Mengembalikan Wibawa Mukim di Tengah Pemerintahan Gampong
Oleh : Jamaluddin Ismail - Warga Pidie Jaya
"Jika Mukim terus dilewati, tidak dilibatkan dalam keputusan-keputusan penting, maka kami khawatir tatanan masyarakat Aceh akan kehilangan arah."
OPINI - Sebagai masyarakat Aceh, kami melihat perubahan yang pelan-pelan terjadi dalam sistem pemerintahan di Gampong. Salah satu hal yang terasa adalah menurunnya peran Mukim, padahal dulu Mukim sangat dihormati dan jadi pusat keputusan penting antar gampong.
Dulu, Imuem Mukim itu ibarat orang tua bagi semua gampong. Ia tahu persoalan warga, tahu sejarah dan batas wilayah, tahu siapa tokoh yang bisa dipercaya di setiap gampong. Kalau ada masalah antar gampong, Mukim jadi penengah. Kalau ada pembangunan, Mukim yang bantu arahkan supaya tidak tumpang tindih.

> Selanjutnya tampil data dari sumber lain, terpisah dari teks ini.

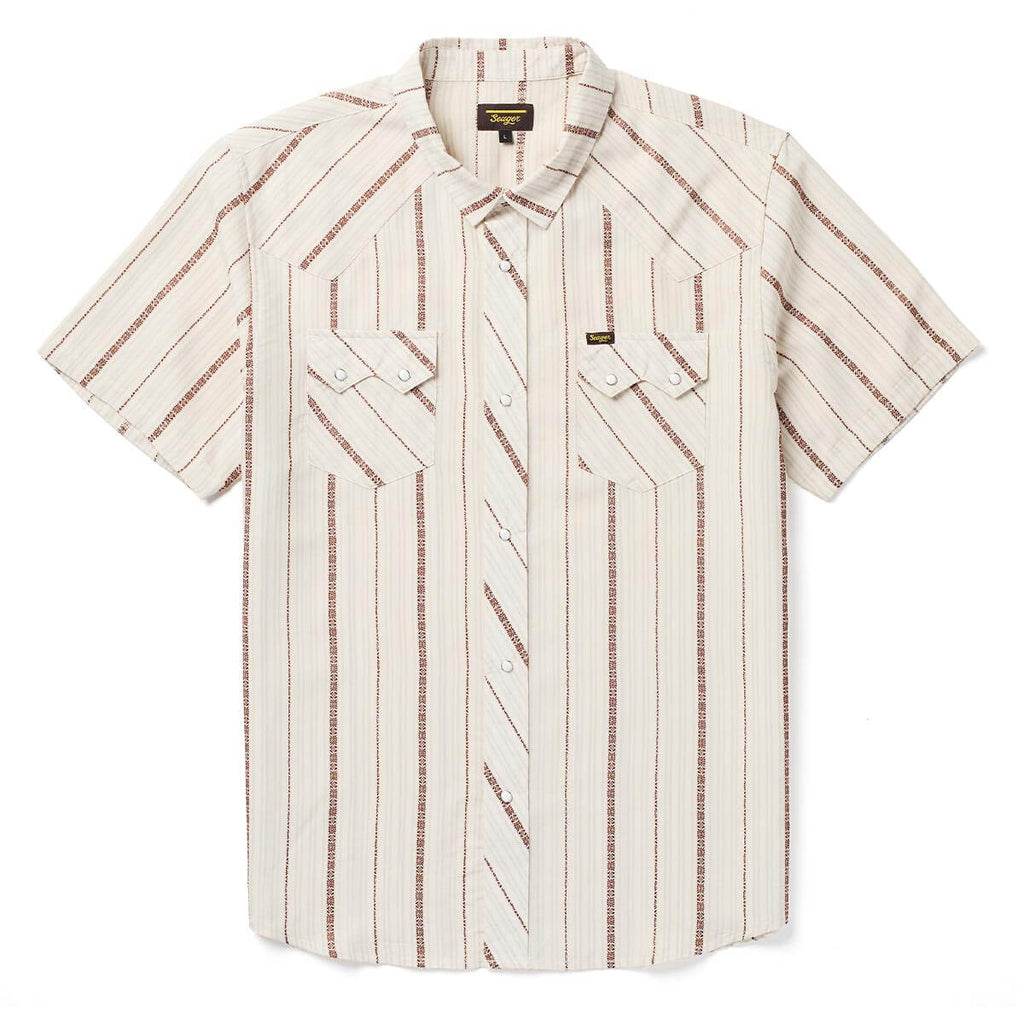 Seager Sawtoof Short Sleeve Shirt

Bahkan, kalau jabatan keuchik kosong, masyarakat biasanya mengandalkan Imuem Mukim untuk sementara mengatur gampong tersebut sampai ada pemimpin baru. Tapi sekarang, penunjukan Pj (Penjabat) Keuchik sering langsung ditentukan oleh pihak kecamatan atau kabupaten, tanpa melibatkan secara langsung Mukim. Kami, sebagai masyarakat.

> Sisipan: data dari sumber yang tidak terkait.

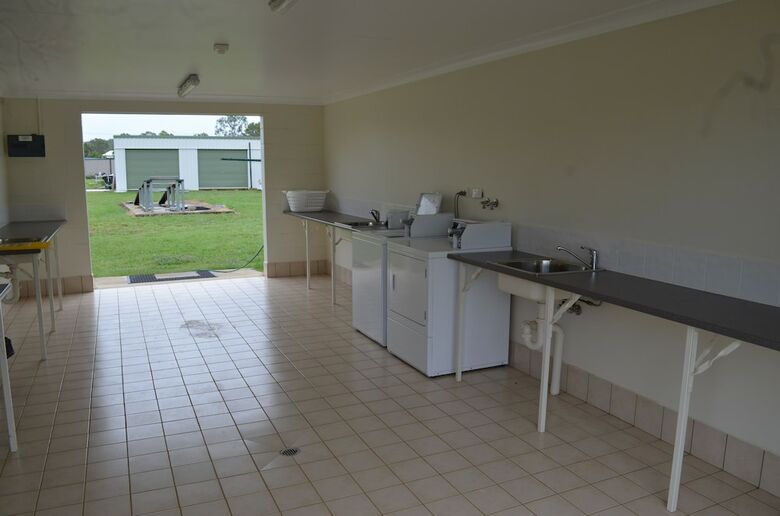 Cabana Wondai Accommodation Units And Villas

Dalam banyak kasus, keuchik juga sekarang langsung berurusan ke camat, tanpa melalui Mukim. Padahal dalam adat dan aturan, semua laporan atau penyampaian seharusnya lewat Imuem Mukim dulu. Ini bukan soal birokrasi, tapi soal menghargai struktur adat yang sudah berjalan sejak dulu.
Padahal secara hukum, kedudukan Mukim sudah jelas diatur. Mukim diakui dalam Undang-Undang Nomor 44 Tahun 1999 tentang Keistimewaan Aceh, dan lebih diperkuat lagi lewat Undang-Undang Nomor 11 Tahun 2006 tentang Pemerintahan Aceh. Qanun Provinsi Aceh Nomor 4 Tahun 2003 juga menyebut Mukim sebagai kesatuan masyarakat hukum yang berdiri sendiri di bawah kecamatan, terdiri dari beberapa gampong, dan dipimpin oleh Imuem Mukim yang dipilih oleh wakil masyarakat.

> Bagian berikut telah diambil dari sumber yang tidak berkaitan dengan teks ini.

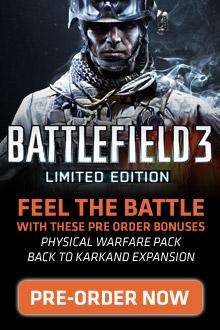 Battlefield 3™ Limited Edition (PC) für 22,11€ direkt über ORIGIN !!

Kami hanya ingin menyampaikan bahwa Mukim masih penting bagi kami. Imuem Mukim bukan hanya pemimpin adat, tapi tokoh panutan yang masih kami hormati. Jika Mukim terus dilewati, tidak dilibatkan dalam keputusan-keputusan penting, maka kami khawatir tatanan masyarakat Aceh akan kehilangan arah. Adat bisa hilang, komunikasi antargampong jadi renggang, dan masyarakat makin jauh dari pemerintah.
Kami berharap para pemangku kebijakan di kabupaten dan kota terskusus Pidie Jaya, termasuk camat dan dinas terkait, tidak hanya mematuhi aturan, tapi juga menghidupkan kembali peran Mukim dalam praktik. Libatkan Mukim dalam pembangunan, dalam musyawarah antar gampong, dan dalam setiap pengambilan keputusan penting.
Karena bagi kami, masyarakat di Gampong, Mukim bukan hanya bagian dari masa lalu. Mukim adalah bagian dari solusi hari ini, dan penjaga jati diri Aceh ke depan.